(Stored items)
Content starts

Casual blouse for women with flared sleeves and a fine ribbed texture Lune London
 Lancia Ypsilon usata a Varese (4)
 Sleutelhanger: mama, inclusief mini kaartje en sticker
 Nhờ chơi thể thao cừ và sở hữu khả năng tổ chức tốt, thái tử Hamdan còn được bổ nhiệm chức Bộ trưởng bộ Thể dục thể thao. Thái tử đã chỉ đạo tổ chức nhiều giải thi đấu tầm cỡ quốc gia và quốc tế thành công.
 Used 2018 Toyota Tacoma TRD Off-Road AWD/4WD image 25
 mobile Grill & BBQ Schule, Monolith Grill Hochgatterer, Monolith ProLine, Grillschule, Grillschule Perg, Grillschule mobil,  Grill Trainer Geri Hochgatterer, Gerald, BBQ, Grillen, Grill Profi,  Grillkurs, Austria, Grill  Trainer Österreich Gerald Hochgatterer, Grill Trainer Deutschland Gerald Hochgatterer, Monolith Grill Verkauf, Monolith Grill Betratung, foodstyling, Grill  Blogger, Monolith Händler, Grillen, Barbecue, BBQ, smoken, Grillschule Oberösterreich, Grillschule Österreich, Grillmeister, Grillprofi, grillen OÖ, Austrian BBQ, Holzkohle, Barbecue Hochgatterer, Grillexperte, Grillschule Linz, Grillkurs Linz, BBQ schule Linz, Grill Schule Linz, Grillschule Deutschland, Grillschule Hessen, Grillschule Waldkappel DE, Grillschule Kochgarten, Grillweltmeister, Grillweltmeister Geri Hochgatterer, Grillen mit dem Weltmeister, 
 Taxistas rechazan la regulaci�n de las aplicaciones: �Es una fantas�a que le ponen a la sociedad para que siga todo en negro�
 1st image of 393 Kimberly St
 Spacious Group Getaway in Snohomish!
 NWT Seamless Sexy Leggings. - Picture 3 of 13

Content ends

Above are the records; from them, give again exactly the lines from the one containing "Sleutelhanger: mama, inclusief" to the one containing "Used 2018 Toyota", both lines included, and nothing more.

- Task response -
 Sleutelhanger: mama, inclusief mini kaartje en sticker
 Nhờ chơi thể thao cừ và sở hữu khả năng tổ chức tốt, thái tử Hamdan còn được bổ nhiệm chức Bộ trưởng bộ Thể dục thể thao. Thái tử đã chỉ đạo tổ chức nhiều giải thi đấu tầm cỡ quốc gia và quốc tế thành công.
 Used 2018 Toyota Tacoma TRD Off-Road AWD/4WD image 25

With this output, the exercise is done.